▶ [WORK TASK]:
Below are records; please give the number of their lines that contain the string "with", and only that number.

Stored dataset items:
################

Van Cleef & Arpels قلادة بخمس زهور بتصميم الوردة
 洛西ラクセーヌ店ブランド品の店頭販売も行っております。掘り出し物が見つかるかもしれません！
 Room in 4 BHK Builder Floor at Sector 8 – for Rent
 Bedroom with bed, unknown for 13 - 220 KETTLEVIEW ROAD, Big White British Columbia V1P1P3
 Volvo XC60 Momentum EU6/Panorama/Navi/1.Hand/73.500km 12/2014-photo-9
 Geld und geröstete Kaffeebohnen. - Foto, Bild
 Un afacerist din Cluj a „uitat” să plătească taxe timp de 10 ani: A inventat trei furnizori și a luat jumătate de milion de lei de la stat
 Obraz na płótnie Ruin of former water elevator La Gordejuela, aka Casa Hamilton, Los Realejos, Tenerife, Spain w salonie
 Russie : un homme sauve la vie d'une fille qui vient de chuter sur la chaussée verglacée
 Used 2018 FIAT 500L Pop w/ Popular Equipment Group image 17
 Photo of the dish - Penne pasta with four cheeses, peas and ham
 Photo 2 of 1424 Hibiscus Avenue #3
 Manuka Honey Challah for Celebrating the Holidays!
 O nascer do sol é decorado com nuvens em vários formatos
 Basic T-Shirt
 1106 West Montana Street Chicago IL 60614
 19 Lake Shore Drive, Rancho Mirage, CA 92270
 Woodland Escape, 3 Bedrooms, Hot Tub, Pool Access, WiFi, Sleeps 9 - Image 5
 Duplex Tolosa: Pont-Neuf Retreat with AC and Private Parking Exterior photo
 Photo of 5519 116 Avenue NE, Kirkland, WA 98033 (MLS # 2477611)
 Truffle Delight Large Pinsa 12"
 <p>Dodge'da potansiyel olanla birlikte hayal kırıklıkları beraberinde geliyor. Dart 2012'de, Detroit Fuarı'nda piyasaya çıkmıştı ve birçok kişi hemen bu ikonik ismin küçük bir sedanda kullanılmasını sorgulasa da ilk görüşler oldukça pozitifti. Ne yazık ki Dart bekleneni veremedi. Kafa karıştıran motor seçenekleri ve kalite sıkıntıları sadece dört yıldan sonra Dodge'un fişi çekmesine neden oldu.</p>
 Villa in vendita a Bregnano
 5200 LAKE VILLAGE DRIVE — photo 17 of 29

################

▶ [RESPONSE AREA]:
3